Transfer Payments are cash payments that go directly to individuals, to provincial and territorial governments, and to other organizations. Overall, these three categories of transfers combined make up just over half of all federal spending, or almost 51 cents of each tax dollar. Of this group, the biggest transfer category was Major Transfers to Persons. Altogether, these payments cost almost 23 cents of every tax dollar. These transfers included payments to eligible elderly Canadians through Old Age Security payments, the Guaranteed Income Supplement and the Spouses Allowance.

If you think we have it bad, the US is in much deeper trouble. I found this best illustrated their problems going forward.

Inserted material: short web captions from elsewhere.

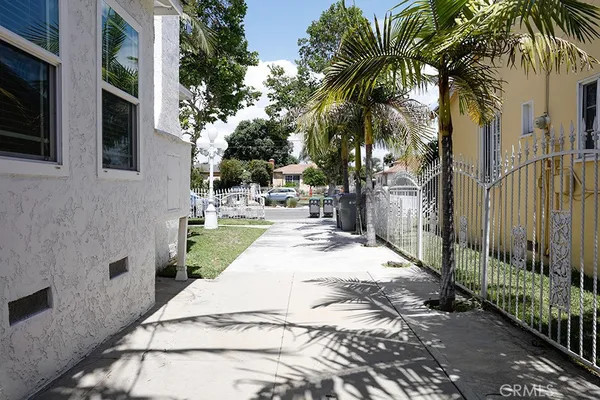 $3,000 | 2920 Los Flores Boulevard, Lynwood, CA 90262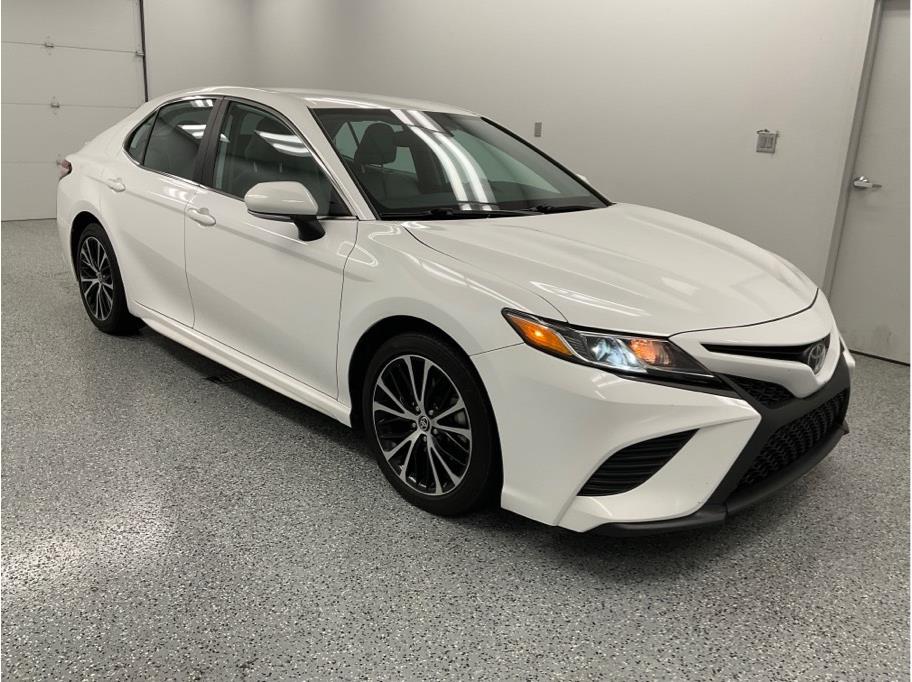 2020 Toyota Camry from E-Z Way Auto Sales Hickory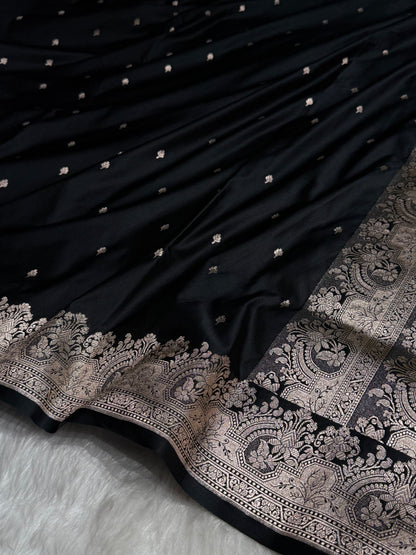Black Shades Motif Booti Mashru Silk Saree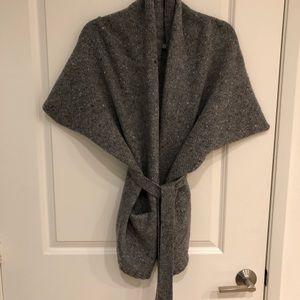 Vince 100% wool short sleeve sweater with belt XS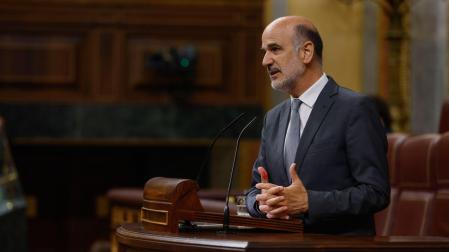 El diputado de UPN Alberto Catalán durante la sesión de control al Gobierno, este miércoles en el Congreso.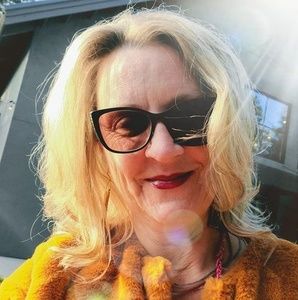 Meet your Posher, Casey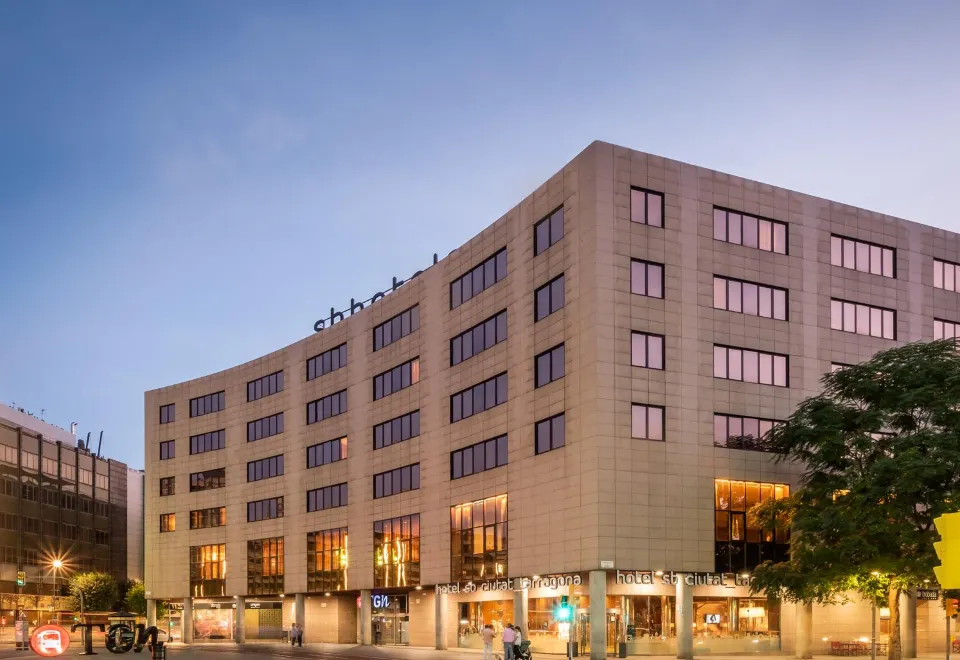 Tarragona’s Timeless Treasures: Where Roman History Meets Luxury Stays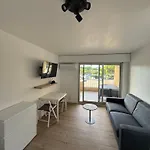 Super Climatise Sur Le Port De Apartmán
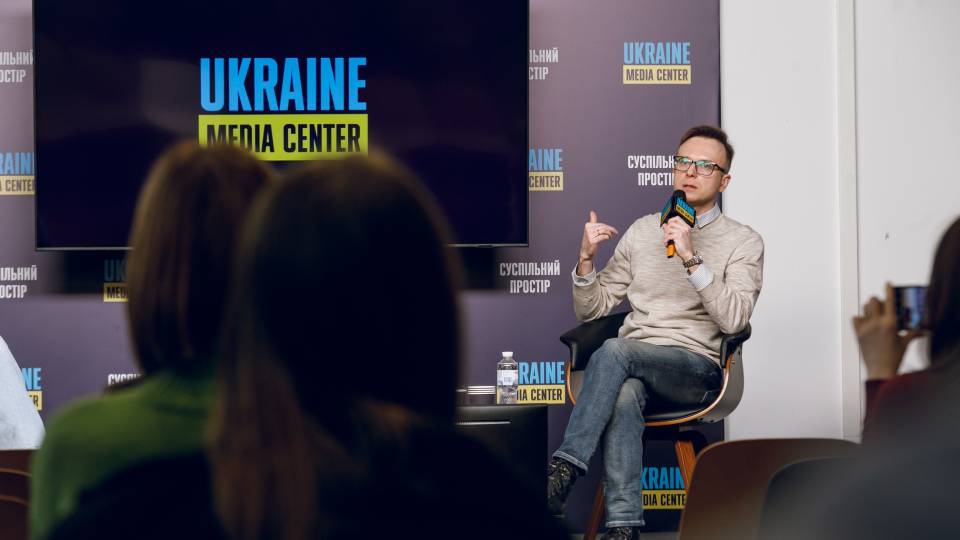 Андрій Діхтяренко, журналіст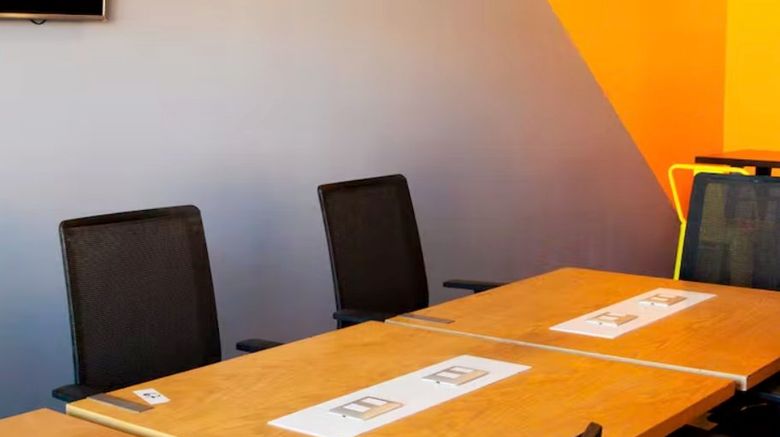 <b>Hotel Modular Express Calama Meeting</b>. Images powered by <a href="https://www.leonardoworldwide.com/" title="Leonardo Worldwide" target="_blank">Leonardo</a>.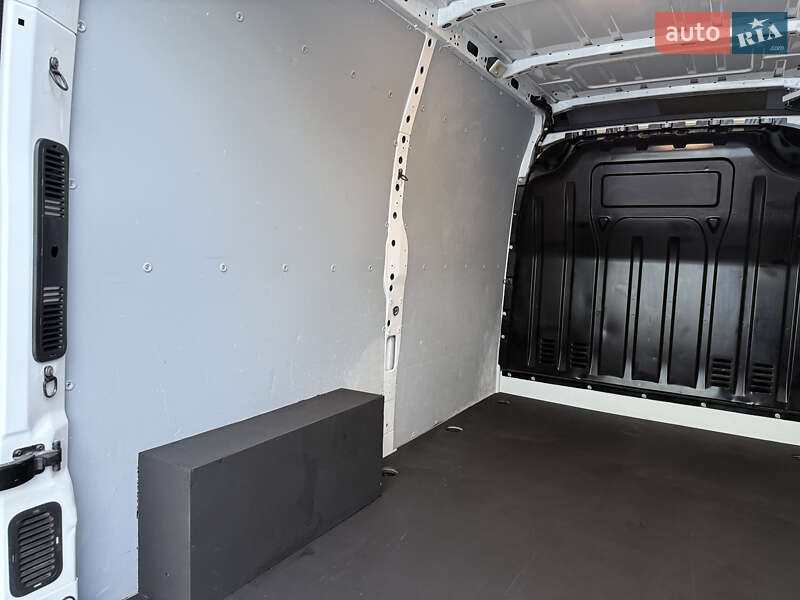 Грузовой фургон Renault Master 2020 в Дубно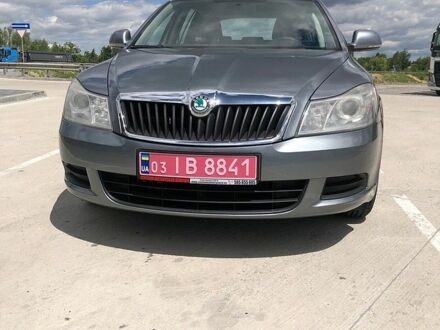 Серый Шкода Октавия, объемом двигателя 1.6 л и пробегом 222 тыс. км за 7000 $, фото 1 на Automoto.ua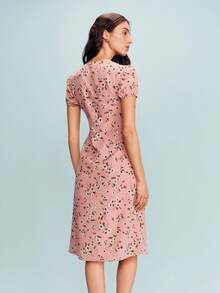 lacRébo Fitted Printed Midi Dress With Ruched Bust - Dusty Pink - View 4
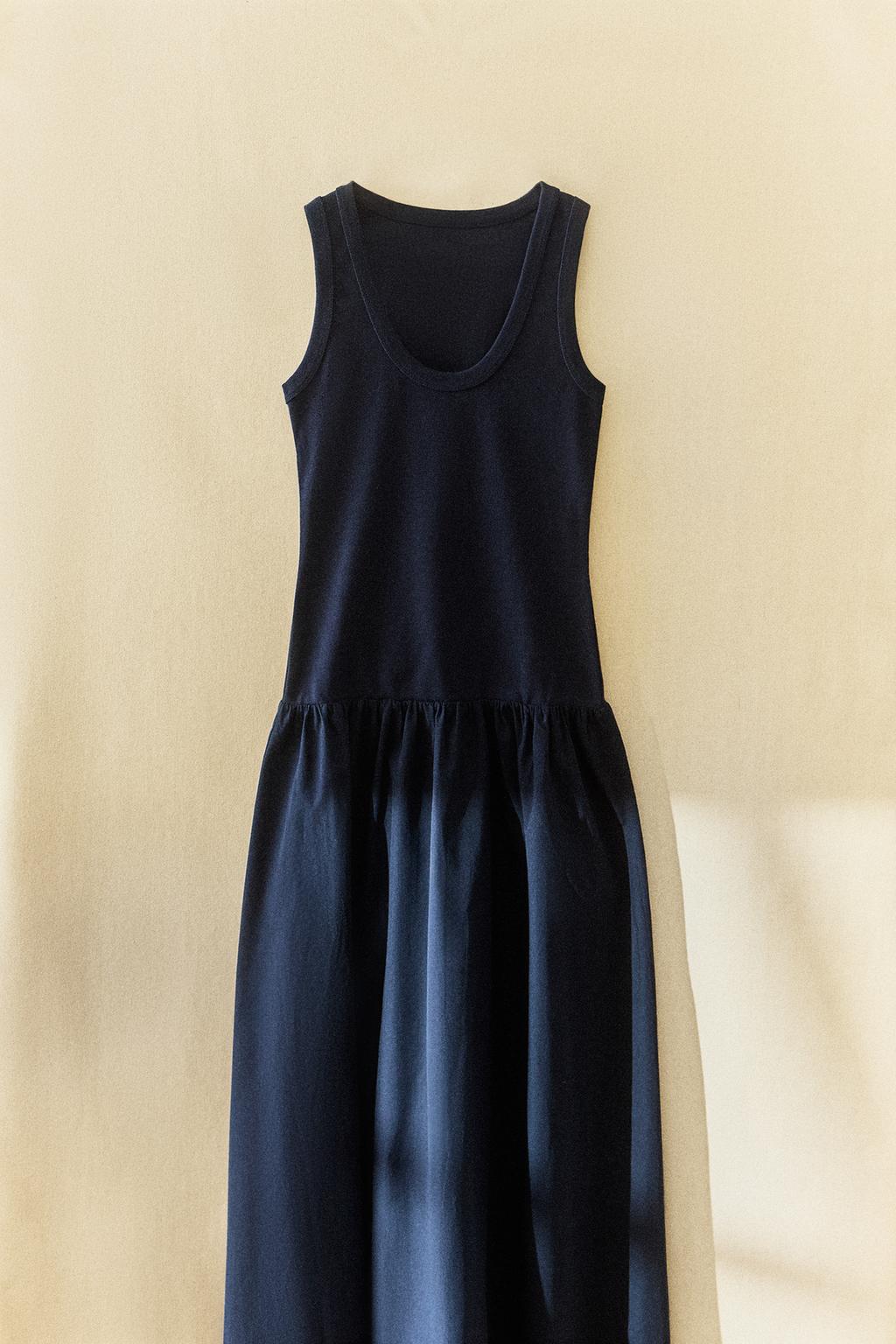 Платье миди с расклешенной юбкой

Let's turn to the state of the Canada Pension Plan. Canadians currently receiving their CPP benefits have no cause for concern. The plans has a total (March 2009) of $105.5 billion in it's portfolio. In fact, it will be another 11 years before a small portion of the CPP Fund’s investment income will be needed to help pay pensions. Beyond that time, the CPP Fund will continue to grow for decades to come. The $105.5 billion CPP Fund is broadly diversified and structured to help secure Canadians’ CPP pensions over the long-term and the funding structure of the CPP means that it is able to weather an extended market downturn.
CPP contribution levels have increased dramatically over the past 15 years to their current levels of 9.9%. The reason for this was to preserve future benefits. According to the Office of the Chief Actuary of Canada, the CPP fund needs a real rate of return – that’s return after inflation – of 4.2 per cent, over the 75-year projection period in his report, to sustain the plan at the current contribution rate. Over this long time frame we expect that there will be periods where returns are above or below this threshold. In the ten years since the CPP Investment Board began investing, returns for the CPP Fund in all four-year periods prior to fiscal 2009 exceeded the 4.2 per cent real rate of return.
Public equities make up 44.0 per cent of the CPP Fund. The current asset mix is as follows:
Public equities: 44.0%
Fixed Income: 27.9%
Private equities: 13.4%
Inflation-sensitive assets: 14.7%
Our mandate is to contribute to the financial strength of the CPP by investing in the best interests of 17 million CPP contributors and beneficiaries and by maximizing returns without undue risk of loss.With approximately 45.5% of our portfolio (or $48.0 billion) invested in Canada, we will always have a large part of the fund invested here but we do not want to be overly dependent on the strength of the Canadian economy and so are systematically looking for opportunities to diversify internationally. But portfolio diversification by asset class and by geography is a fundamental part of the CPP Investment Board’s long-term investment strategy to manage the growing complexity of the fund. On its own, Canada does not provide sufficient diversification opportunities. Canada’s stock market is small, representing less than 2% of the world market capitalization, and it is heavily concentrated in a few sectors. The flow of contributions to the CPP varies directly with the health of the Canadian economy. By reducing the fund’s reliance on the Canadian economy, global diversification offers a source of returns for periods of weak performance by the Canadian economy.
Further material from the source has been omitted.